Segregation was still a political card being put on the table every time it got involved in school. In Swann v. Charlotte - Mecklenburg Board of Education (1971), once again weighed the existence of segregation after viewing Brown v. Board of Education had not had much impact on the future of school desegregation. In this case, there were still many black students, nearly two-thirds of whom attended the school at least 99% black in Charlotte-Mecklenburg, North Carolina (Rossum and Tarr, 529). When the case reached the Supreme Court, the decision was made that this was not about segregation and busing was an appropriate remedy for the racial inequality in every school. It had “no rigid guidelines as to student transportation can be given for application to the infinite variety of problems presented in thousands of situations” (Rossum and Tarr, 531).

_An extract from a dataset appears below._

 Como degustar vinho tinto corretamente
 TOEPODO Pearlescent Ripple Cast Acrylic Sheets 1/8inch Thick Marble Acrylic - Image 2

And now, Florida Governor Ron DeSantis wants to ban the AP Black history course because the course contains political movements that try to abolish prisons and queer theory. However, the course teaches culture, movements, literature, and history. There is no critical race theory (which I will write about later on because there are so many things to say about this). Banning AP Black history is like a way to reject or abolish the legacies of Black people in the past. It is as if they wanted to deny slavery and racism; they wanted to keep the reputation of the white race clean or try to make the white race a supremacist over other races. That is unacceptable. Everyone needs to know what happened in the past, even if it is horrible and hard to accept. But it is history; it is the truth.


In 1963, Dr. Martin Luther King made his famous speech “I have a dream” at the Lincoln Memorial. He dreamed that “one day sons of former slaves and the sons of former slave owners will be able to sit down together at the table of brotherhood.” After many years, Dr. Martin Luther King Jr.’s dream finally came true. Nowadays, there is no more segregation in schools. There are more diversities. The dedications of all the people who fought for society’s changes are vast and recognizable by people. They wrote a proud history of fighting back the segregation and racism in America. And from generation to generation, they will never forget their fathers’ path. Nowadays, there is still racism, not about their skin, but about their race. The US is now divided, and people must fight for justice and unite the nation. As the Pledge of Allegiance says, “One nation, under God.





References

Anderson, K. (2004). The Little Rock School Desegregation Crisis: Moderation and Social Conflict. The Journal of Southern History, 70(3), 603 https://doi.org/10.2307/27648479

Rossum, R. A., & Tarr, G. A. (2020). American constitutional law, Volume Ii: The Bill of Rights and subsequent amendments. Taylor & Francis.